Scanners’ focus on ideas is centered on the future of this fictional world, and so the conflict between Vale and Revok, with ConSec constantly pulling the strings, feels less concerned with the present and more concerned with the post-film aftermath. It’s really quite unique, that even in constructing this large-scale espionage narrative, Cronenberg crafts a film that still only feels like we’re seeing a fragment of this world. As is typical with Cronenberg’s films from this era, there is no denouement, only a shocking and transformative end and the lingering post-credit question of ‘where do they go from here?’ By allowing us some form of comfort in his style, Cronenberg admirably denies his audience narrative comfort.
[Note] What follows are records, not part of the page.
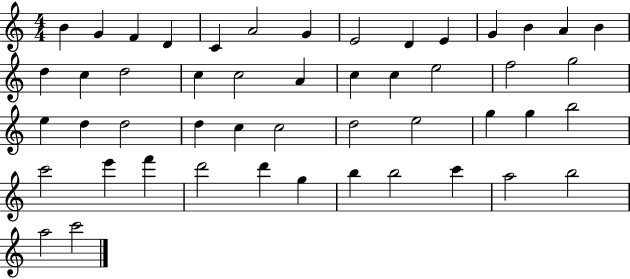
B4/q G4/q F4/q D4/q C4/q A4/h G4/q E4/h D4/q E4/q G4/q B4/q A4/q B4/q D5/q C5/q D5/h C5/q C5/h A4/q C5/q C5/q E5/h F5/h G5/h E5/q D5/q D5/h D5/q C5/q C5/h D5/h E5/h G5/q G5/q B5/h C6/h E6/q F6/q D6/h D6/q G5/q B5/q B5/h C6/q A5/h B5/h A5/h C6/h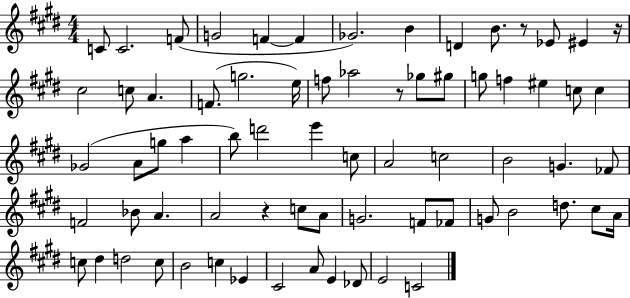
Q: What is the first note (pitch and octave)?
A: C4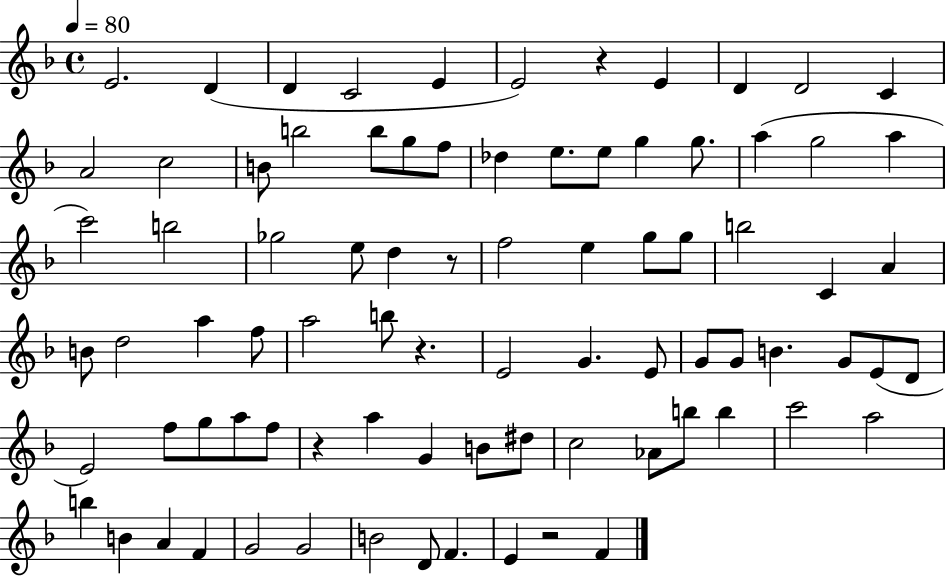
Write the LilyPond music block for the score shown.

{
  \clef treble
  \time 4/4
  \defaultTimeSignature
  \key f \major
  \tempo 4 = 80
  e'2. d'4( | d'4 c'2 e'4 | e'2) r4 e'4 | d'4 d'2 c'4 | \break a'2 c''2 | b'8 b''2 b''8 g''8 f''8 | des''4 e''8. e''8 g''4 g''8. | a''4( g''2 a''4 | \break c'''2) b''2 | ges''2 e''8 d''4 r8 | f''2 e''4 g''8 g''8 | b''2 c'4 a'4 | \break b'8 d''2 a''4 f''8 | a''2 b''8 r4. | e'2 g'4. e'8 | g'8 g'8 b'4. g'8 e'8( d'8 | \break e'2) f''8 g''8 a''8 f''8 | r4 a''4 g'4 b'8 dis''8 | c''2 aes'8 b''8 b''4 | c'''2 a''2 | \break b''4 b'4 a'4 f'4 | g'2 g'2 | b'2 d'8 f'4. | e'4 r2 f'4 | \break \bar "|."
}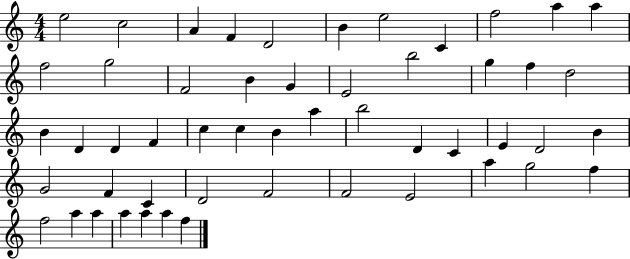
X:1
T:Untitled
M:4/4
L:1/4
K:C
e2 c2 A F D2 B e2 C f2 a a f2 g2 F2 B G E2 b2 g f d2 B D D F c c B a b2 D C E D2 B G2 F C D2 F2 F2 E2 a g2 f f2 a a a a a f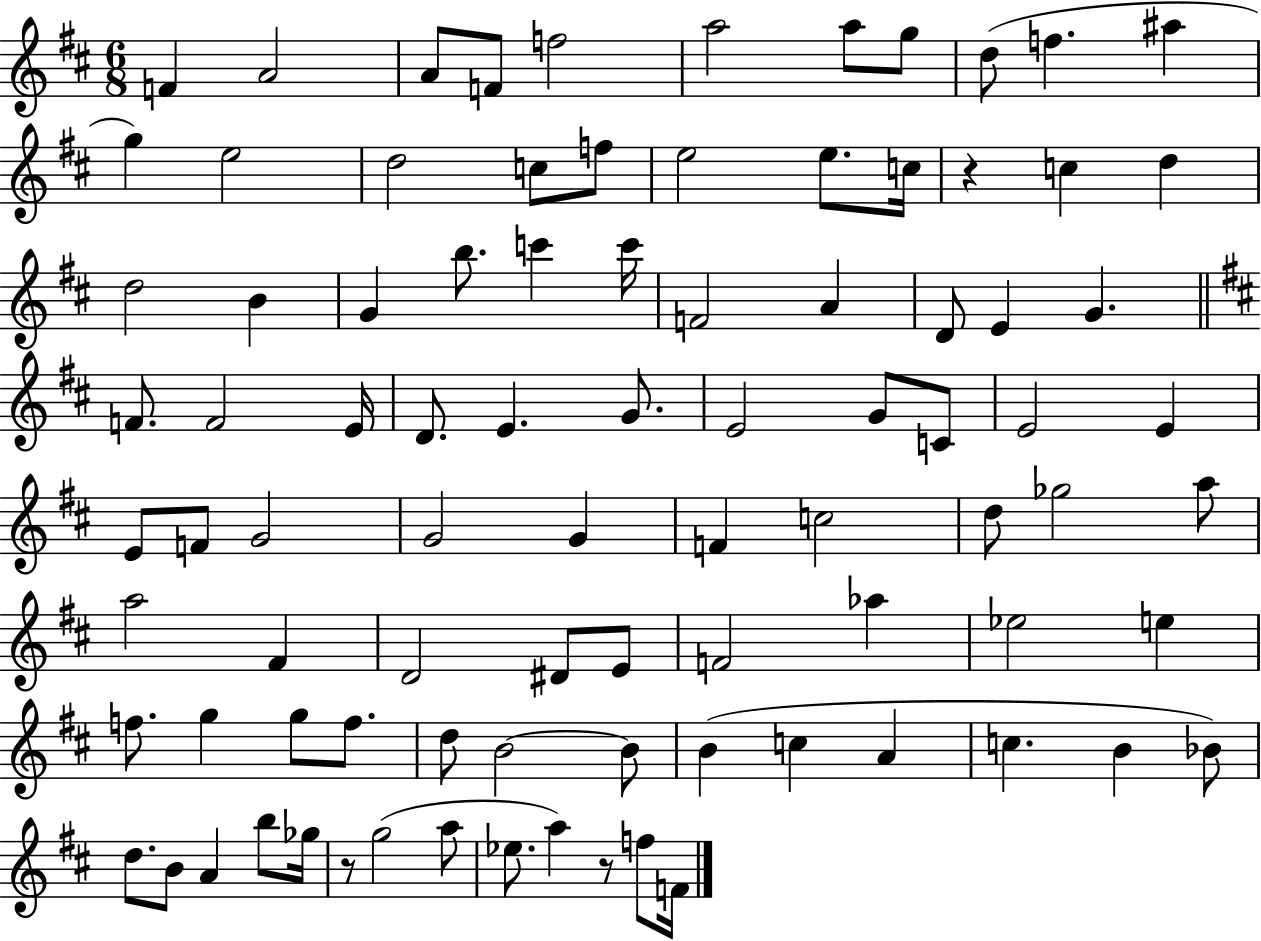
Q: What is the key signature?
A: D major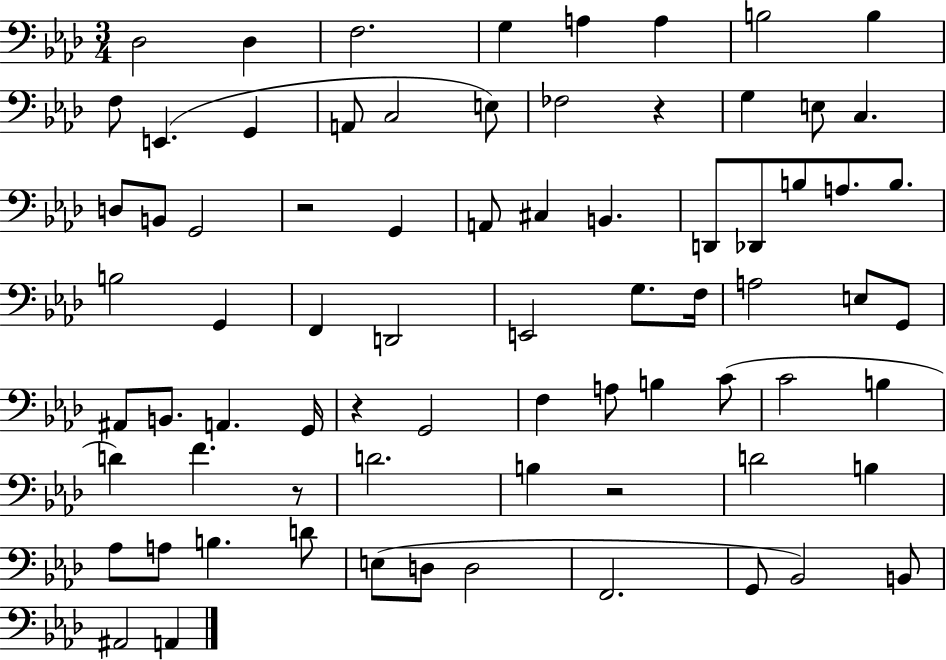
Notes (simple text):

Db3/h Db3/q F3/h. G3/q A3/q A3/q B3/h B3/q F3/e E2/q. G2/q A2/e C3/h E3/e FES3/h R/q G3/q E3/e C3/q. D3/e B2/e G2/h R/h G2/q A2/e C#3/q B2/q. D2/e Db2/e B3/e A3/e. B3/e. B3/h G2/q F2/q D2/h E2/h G3/e. F3/s A3/h E3/e G2/e A#2/e B2/e. A2/q. G2/s R/q G2/h F3/q A3/e B3/q C4/e C4/h B3/q D4/q F4/q. R/e D4/h. B3/q R/h D4/h B3/q Ab3/e A3/e B3/q. D4/e E3/e D3/e D3/h F2/h. G2/e Bb2/h B2/e A#2/h A2/q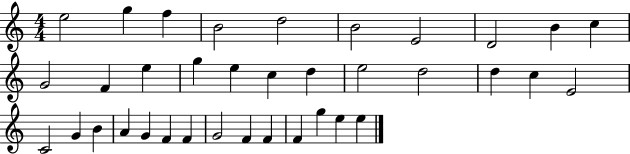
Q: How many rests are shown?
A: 0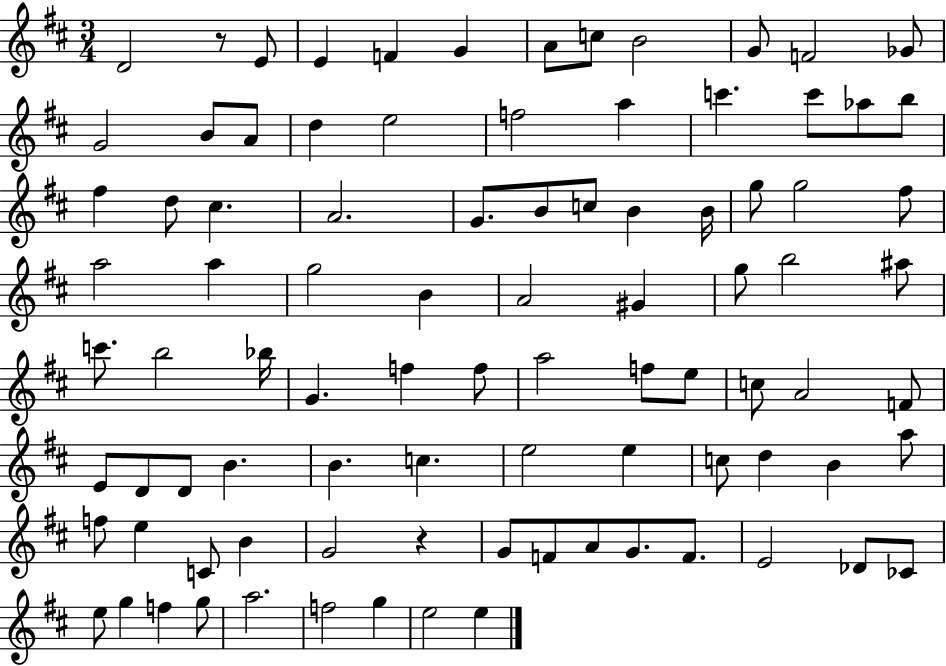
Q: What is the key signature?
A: D major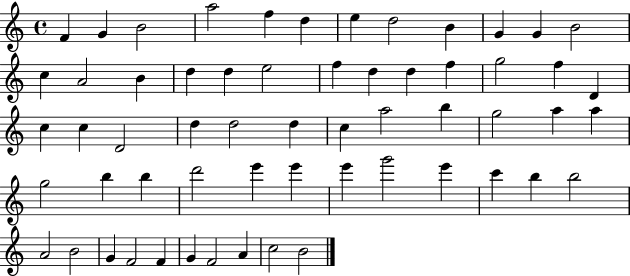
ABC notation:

X:1
T:Untitled
M:4/4
L:1/4
K:C
F G B2 a2 f d e d2 B G G B2 c A2 B d d e2 f d d f g2 f D c c D2 d d2 d c a2 b g2 a a g2 b b d'2 e' e' e' g'2 e' c' b b2 A2 B2 G F2 F G F2 A c2 B2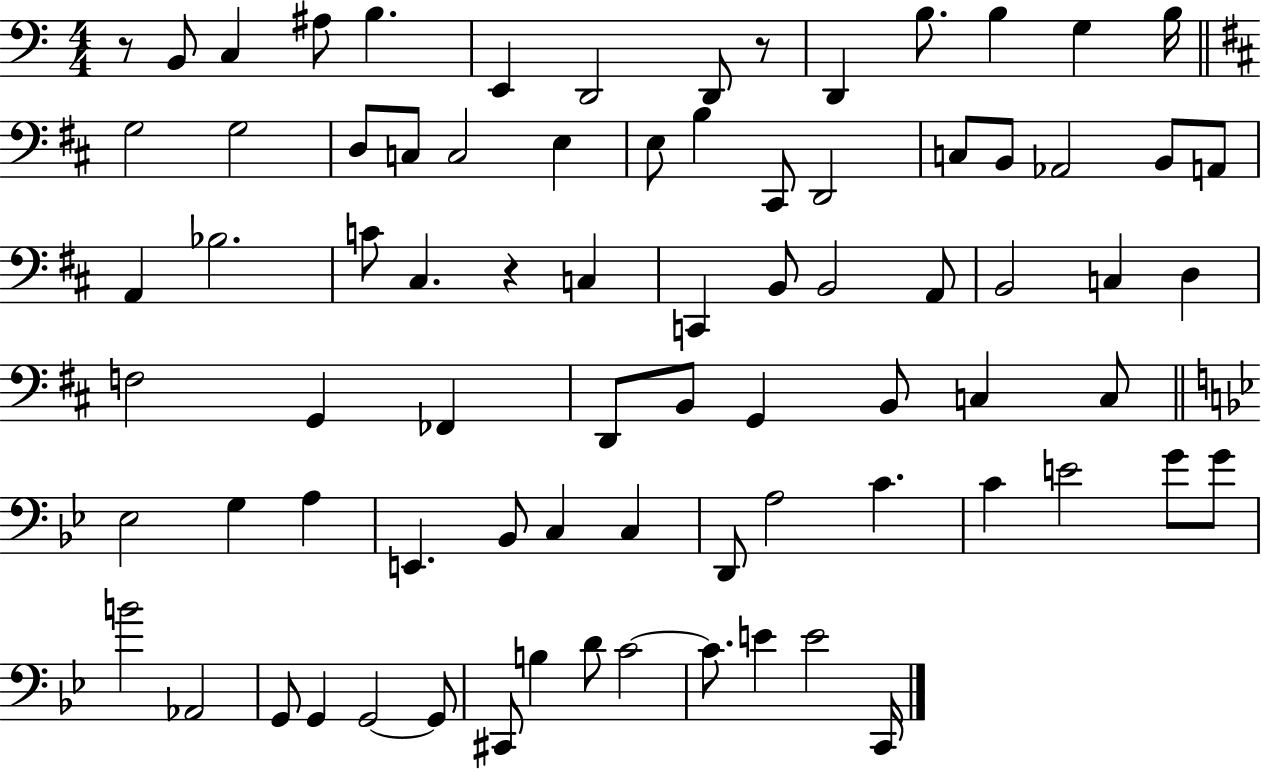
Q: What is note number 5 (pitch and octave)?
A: E2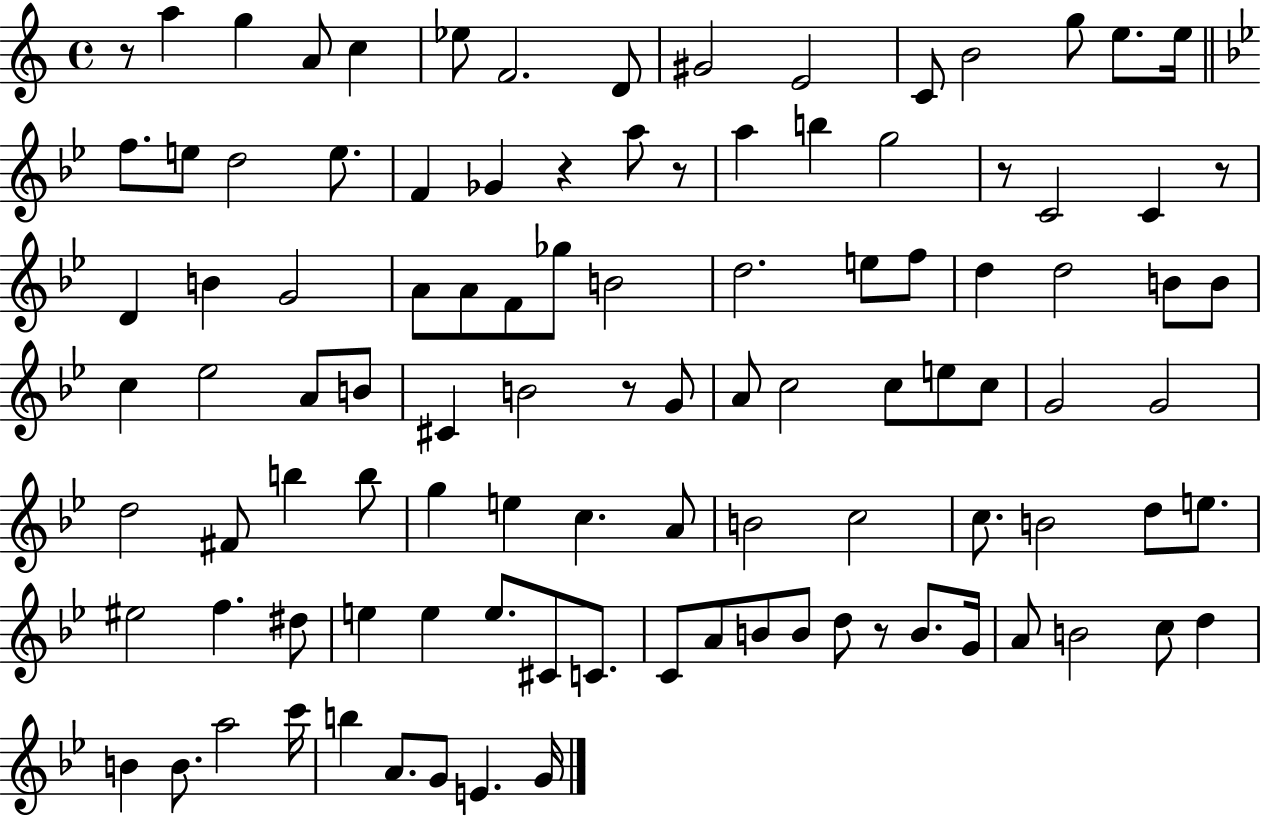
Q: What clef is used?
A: treble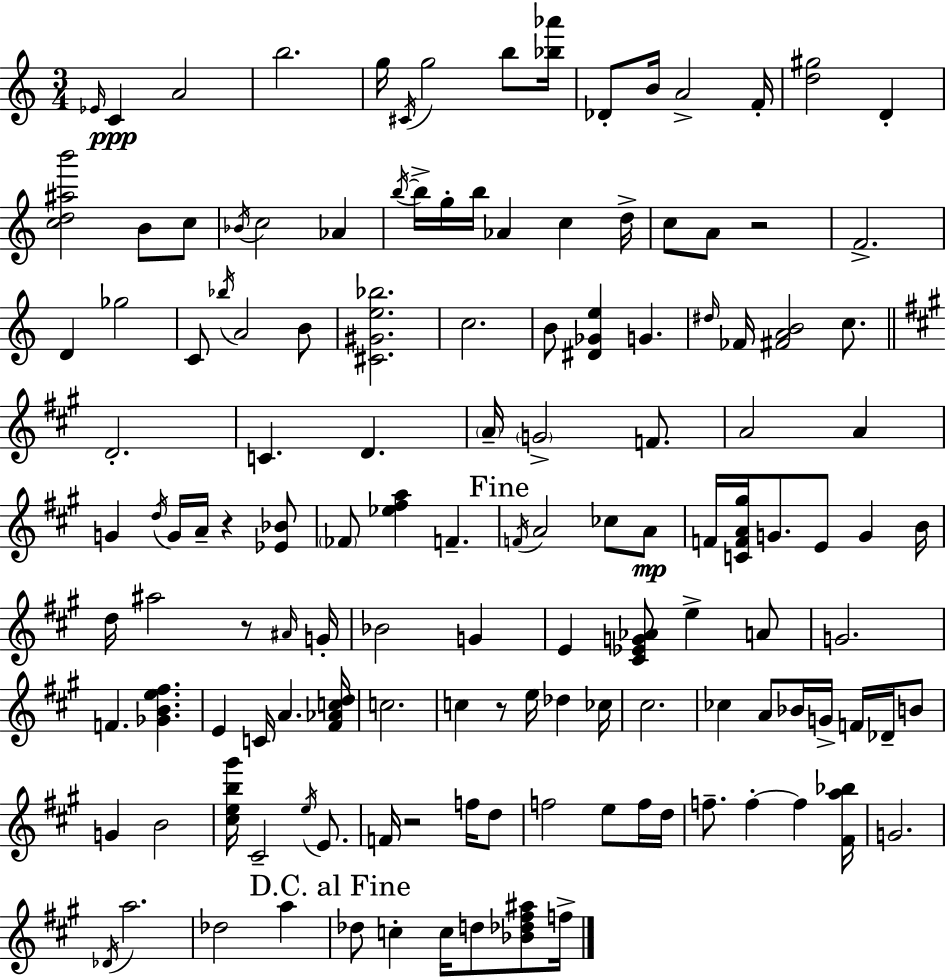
X:1
T:Untitled
M:3/4
L:1/4
K:Am
_E/4 C A2 b2 g/4 ^C/4 g2 b/2 [_b_a']/4 _D/2 B/4 A2 F/4 [d^g]2 D [cd^ab']2 B/2 c/2 _B/4 c2 _A b/4 b/4 g/4 b/4 _A c d/4 c/2 A/2 z2 F2 D _g2 C/2 _b/4 A2 B/2 [^C^Ge_b]2 c2 B/2 [^D_Ge] G ^d/4 _F/4 [^FAB]2 c/2 D2 C D A/4 G2 F/2 A2 A G d/4 G/4 A/4 z [_E_B]/2 _F/2 [_e^fa] F F/4 A2 _c/2 A/2 F/4 [CFA^g]/4 G/2 E/2 G B/4 d/4 ^a2 z/2 ^A/4 G/4 _B2 G E [^C_EG_A]/2 e A/2 G2 F [_GBe^f] E C/4 A [^F_Acd]/4 c2 c z/2 e/4 _d _c/4 ^c2 _c A/2 _B/4 G/4 F/4 _D/4 B/2 G B2 [^ceb^g']/4 ^C2 e/4 E/2 F/4 z2 f/4 d/2 f2 e/2 f/4 d/4 f/2 f f [^Fa_b]/4 G2 _D/4 a2 _d2 a _d/2 c c/4 d/2 [_B_d^f^a]/2 f/4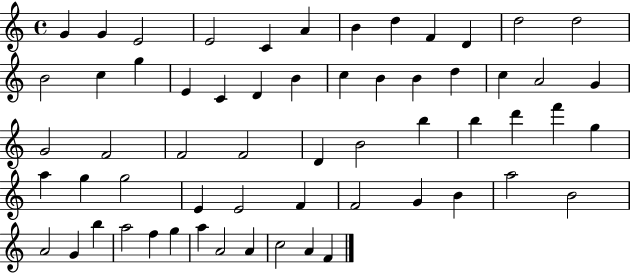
G4/q G4/q E4/h E4/h C4/q A4/q B4/q D5/q F4/q D4/q D5/h D5/h B4/h C5/q G5/q E4/q C4/q D4/q B4/q C5/q B4/q B4/q D5/q C5/q A4/h G4/q G4/h F4/h F4/h F4/h D4/q B4/h B5/q B5/q D6/q F6/q G5/q A5/q G5/q G5/h E4/q E4/h F4/q F4/h G4/q B4/q A5/h B4/h A4/h G4/q B5/q A5/h F5/q G5/q A5/q A4/h A4/q C5/h A4/q F4/q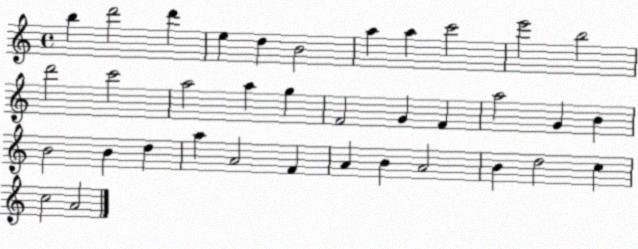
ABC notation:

X:1
T:Untitled
M:4/4
L:1/4
K:C
b d'2 d' e d B2 a a c'2 e'2 b2 d'2 c'2 a2 a g F2 G F a2 G B B2 B d a A2 F A B A2 B d2 c c2 A2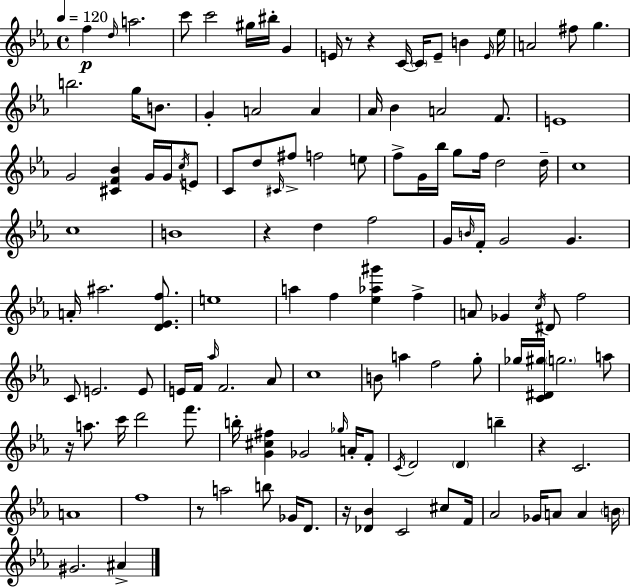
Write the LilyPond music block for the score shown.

{
  \clef treble
  \time 4/4
  \defaultTimeSignature
  \key c \minor
  \tempo 4 = 120
  f''4\p \grace { d''16 } a''2. | c'''8 c'''2 gis''16 bis''16-. g'4 | e'16 r8 r4 c'16~~ \parenthesize c'16 e'8-- b'4 | \grace { e'16 } ees''16 a'2 fis''8 g''4. | \break b''2. g''16 b'8. | g'4-. a'2 a'4 | aes'16 bes'4 a'2 f'8. | e'1 | \break g'2 <cis' f' bes'>4 g'16 g'16 | \acciaccatura { c''16 } e'8 c'8 d''8 \grace { cis'16 } fis''8-> f''2 | e''8 f''8-> g'16 bes''16 g''8 f''16 d''2 | d''16-- c''1 | \break c''1 | b'1 | r4 d''4 f''2 | g'16 \grace { b'16 } f'16-. g'2 g'4. | \break a'16-. ais''2. | <d' ees' f''>8. e''1 | a''4 f''4 <ees'' aes'' gis'''>4 | f''4-> a'8 ges'4 \acciaccatura { c''16 } dis'8 f''2 | \break c'8 e'2. | e'8 e'16 f'16 \grace { aes''16 } f'2. | aes'8 c''1 | b'8 a''4 f''2 | \break g''8-. ges''16 <c' dis' gis''>16 \parenthesize g''2. | a''8 r16 a''8. c'''16 d'''2 | f'''8. b''16-. <g' cis'' fis''>4 ges'2 | \grace { ges''16 } a'16-. f'8-. \acciaccatura { c'16 } d'2 | \break \parenthesize d'4 b''4-- r4 c'2. | a'1 | f''1 | r8 a''2 | \break b''8 ges'16 d'8. r16 <des' bes'>4 c'2 | cis''8 f'16 aes'2 | ges'16 a'8 a'4 \parenthesize b'16 gis'2. | ais'4-> \bar "|."
}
As someone who owns the original, grainy DVD copy released in 2001, allow me to say that the Criterion 2K digital restoration is simply phenomenal. You really haven’t seen and appreciated Scanners until you’ve seen it in this quality. Being one of Criterion’s most recent releases, it includes a great set of bonuses, including a documentary on the film’s special effects, The Scanners’ Way, interviews with Steven Lack, Michael Ironside, and David Cronenbeg, an essay booklet by Kim Newman, and original trailers and radio spots. The most notable extra is the inclusion of Cronenberg’s first film: Stereo (1969), which you’ll be hard pressed to find anywhere else. This is truly one of Criterion’s most well put together releases.
While the film doesn’t push the boundaries of concept as much Cronenberg’s later films, and there are some pacing issues, Scanners is still essential viewing. If you’re a fan of Cronenberg or ’70s and ’80s science-fiction, the Criterion release of Scanners is a must own.